Look in the listing below for the line that has "Like new Maroon Lug Bag", then return it and each following line up to and including the one with "1096 S Pine Street, Loxley, AL 36551", exactly and without pictures.

PROVIDED INFORMATION:
══════
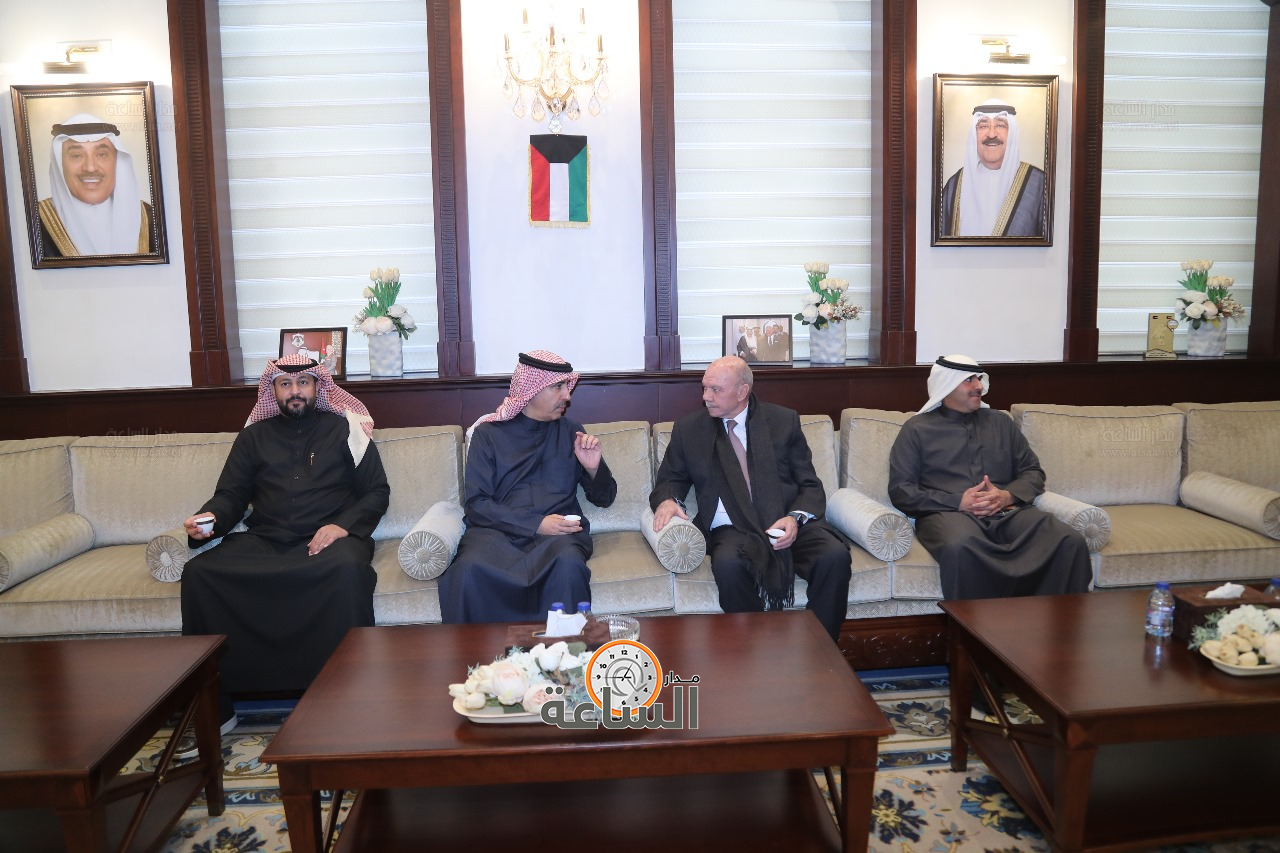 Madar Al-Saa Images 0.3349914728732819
══════
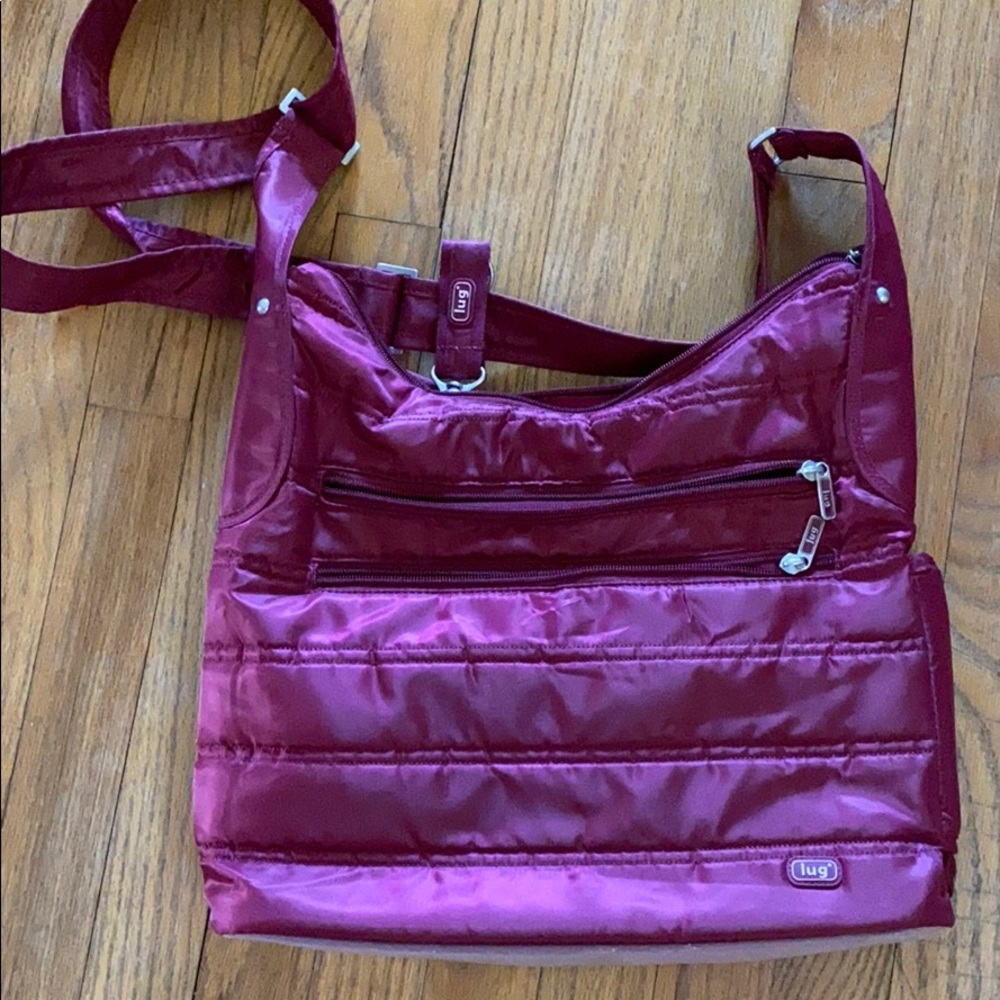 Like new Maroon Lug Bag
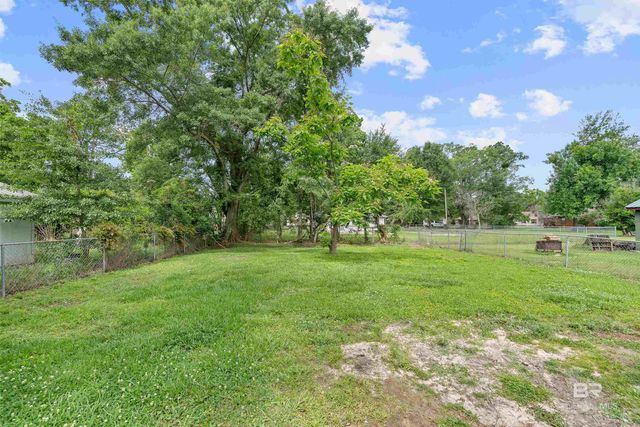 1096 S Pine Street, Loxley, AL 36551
══════
YOUR SOLUTION:
 Like new Maroon Lug Bag
 1096 S Pine Street, Loxley, AL 36551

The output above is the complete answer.